# Assignment:
Your answer should be the lines below from the one with "Organic Cotton Slub Jersey Boho Blouse" to the one with "Snowy Cottage God", both included, given again exactly and with nothing added.

== Data listing

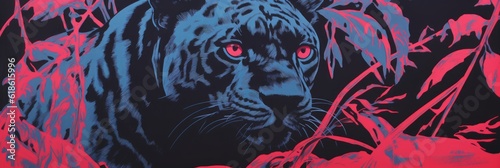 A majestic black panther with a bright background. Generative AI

====
== Data listing

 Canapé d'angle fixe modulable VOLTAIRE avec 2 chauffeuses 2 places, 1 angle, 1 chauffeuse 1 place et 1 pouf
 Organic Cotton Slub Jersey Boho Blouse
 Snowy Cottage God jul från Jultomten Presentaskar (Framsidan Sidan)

====
== Data listing

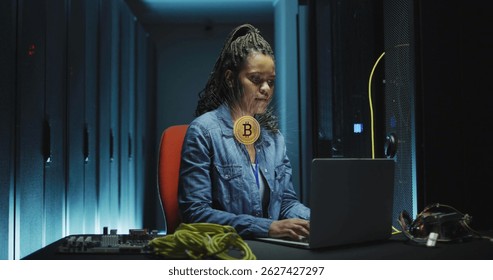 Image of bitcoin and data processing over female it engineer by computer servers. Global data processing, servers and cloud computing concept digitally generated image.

====

# Written response:
 Organic Cotton Slub Jersey Boho Blouse
 Snowy Cottage God jul från Jultomten Presentaskar (Framsidan Sidan)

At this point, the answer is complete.